Fernekes was born to Max Fernekes Sr., a local architect who encouraged him to study engineering at Marquette University. Unfulfilled, Fernekes dropped out to become a full time artist. He first studied painting and printmaking for a year under artist Gustave Moeller.

Fernekes survived the Great Depression selling his art in the streets of Milwaukee with his wife the artist Ava Avery Fernekes. His work often depicts rural Wisconsin landscapes, documents its architecture and the daily lives of peoples, and at times cityscapes.

Fernekes illustrated in the 1930s Index of American Design, a catalog of pre-1880s decorative arts of Wisconsin, written by Clarence F. Hornung. This was financed by the highly publicized Works Progress Administration, which provided jobs to indigent American artists. One of his work included was 'Arch Grill' (1938). This helped launch his career as an illustrator. Fernekes was then commissioned by various Milwaukee journals, magazines, and newspapers.

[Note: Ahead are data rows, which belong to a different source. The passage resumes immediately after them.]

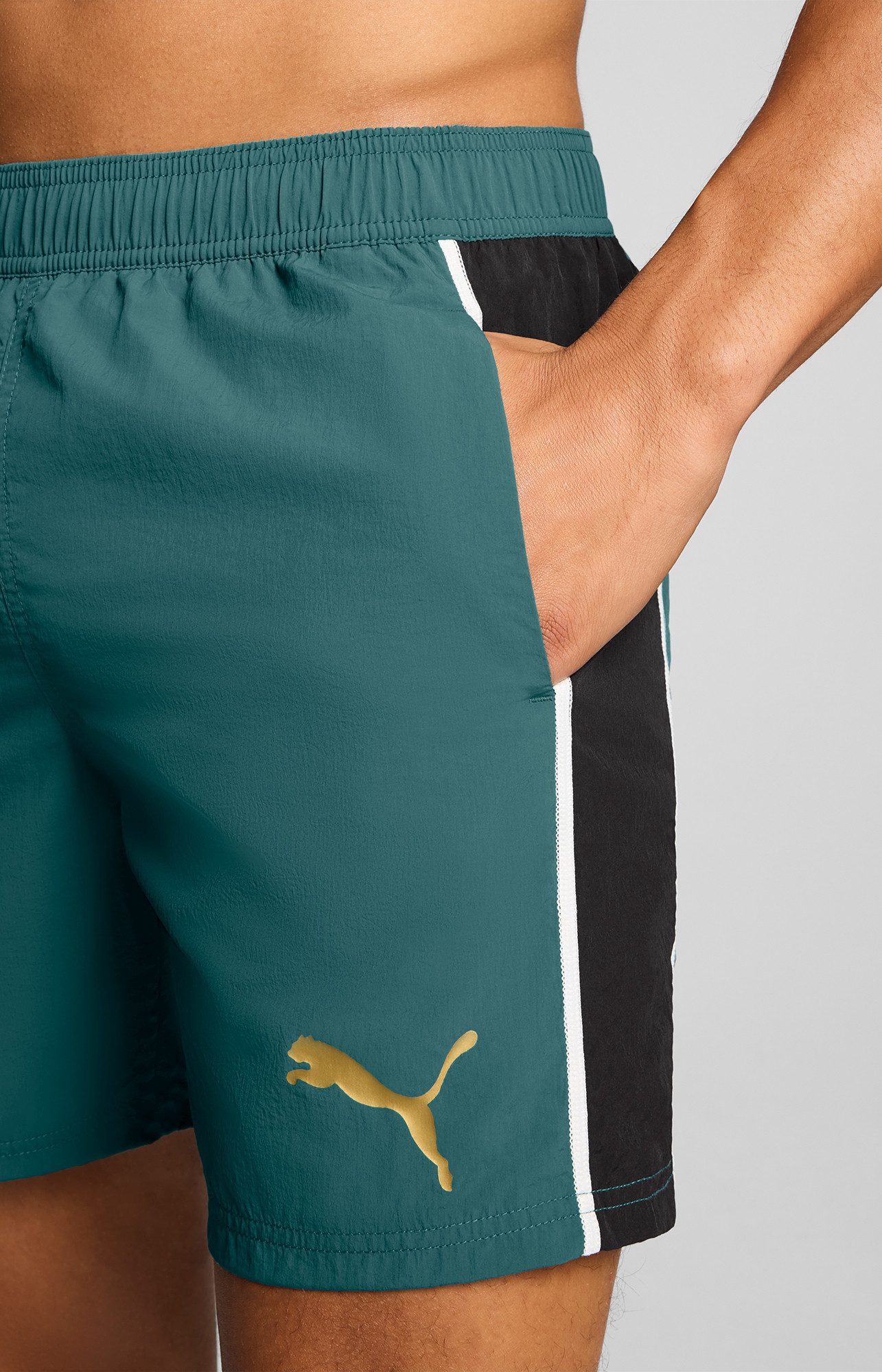 PUMA Badeshorts mit seitlichen Taschen – Bild 3 von 5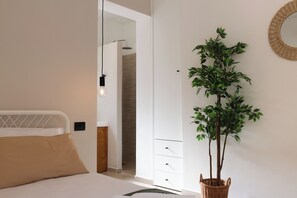 2 habitaciones, escritorio, tabla de planchar con plancha y wifi gratis 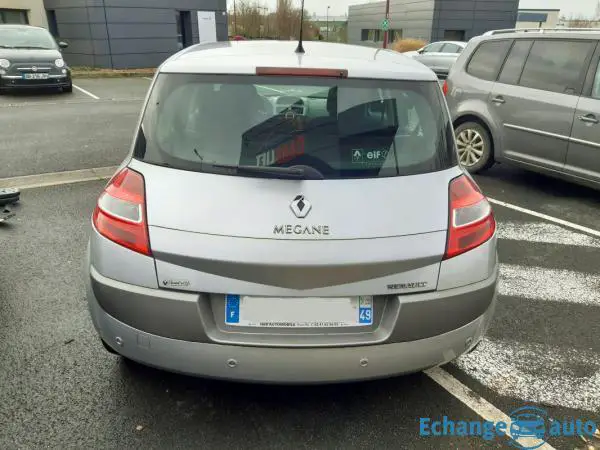 Renault Mégane 1.6 16V 110 Luxe Dynamique - Garantie 6 mois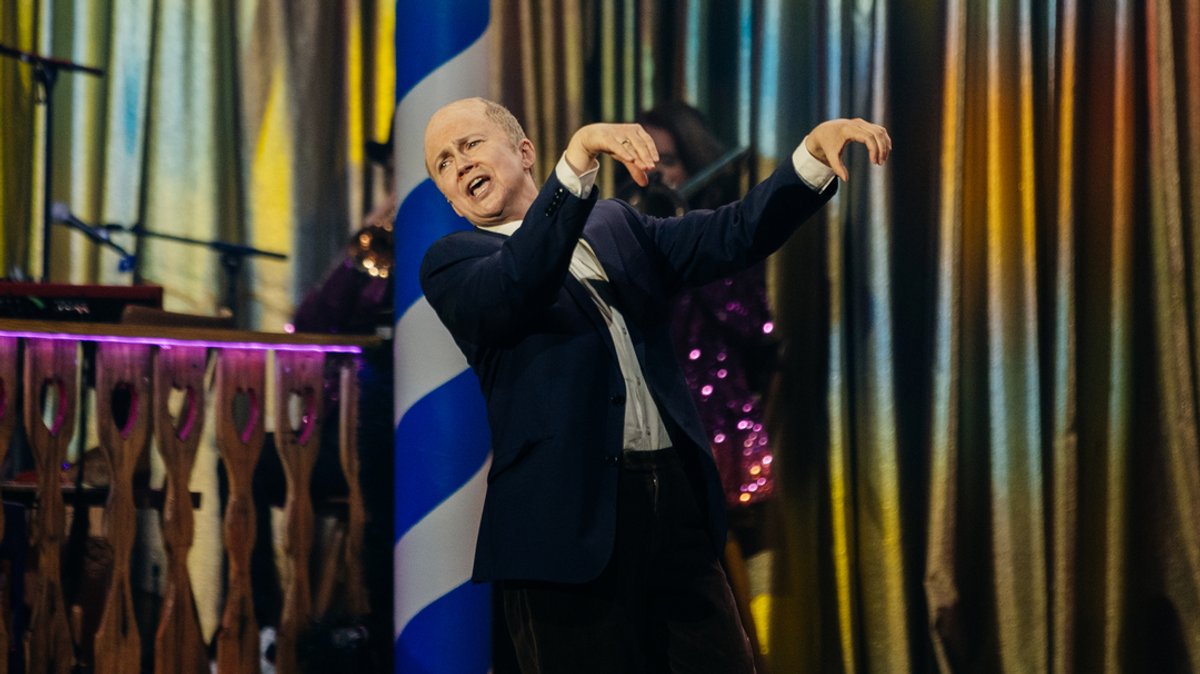 Scholz tanzt er eine Ein-Mann-Polonaise.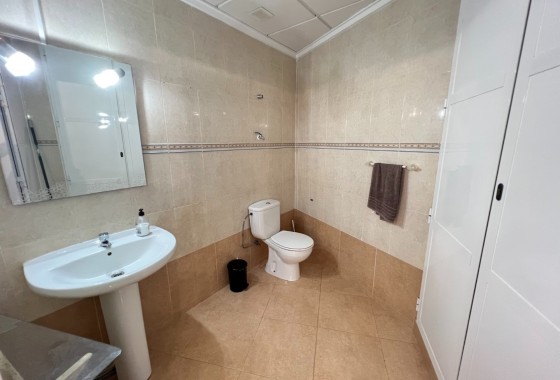 Segunda Mano - Local - Guardamar del Segura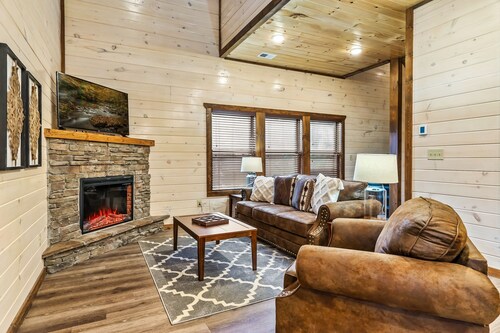 Modern Cabin Great Location Hot Tub Movie Room 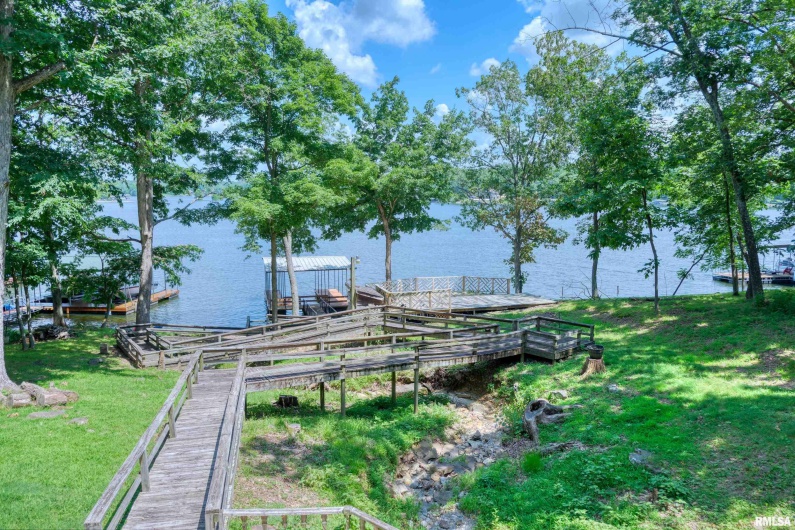 12299 Pebble Point Road, Marion, Illinois 62959, 4 Bedrooms Bedrooms, 0 ,2 BathroomsBathrooms,Residential,For Sale,Pebble Point,0,RMAEB458529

Fernekes was a prolific artist and had many devoted fans. Among them was Michael T. Crowley Sr., former CEO of Bank Mutual, collected the paintings, which were displayed throughout Bank Mutual's corporate headquarters. When Associated Banc-Corp bought Bank Mutual, more than 90 paintings of Fernekes was donated to the Wisconsin Historical Society.

==Works==

Ferneke's work are rarely available at auction but a number of his paintings are owned by the city of Milwaukee and on display, so can be viewed in various city buildings. These include:

- Arch Grill, National Gallery of Art -not on display.
- Elegance from Time Victorian, etching on display at the Milwaukee City Hall.
- Gesu Church Milwaukee, etching, on display at the city of Milwaukee 841 Bldg.
- Jones Island Main Street, etching on display at the Milwaukee City Hall.
- Milwaukee Avenue, etching on display at the Milwaukee City Hall.
- Milwaukee Skyline, etching on display at the Milwaukee City Hall.
- Northpoint Water Tower Milwaukee, etching on display at the Milwaukee City Hall.
- Northwestern Depot Milwaukee, etching on display at the city of Milwaukee 809 Bldg.
- Old Barn, watercolor, at the city of Milwaukee -not on display.
- Wells Street Bridge Milwaukee, etching on display at the city of Milwaukee 841 Bldg.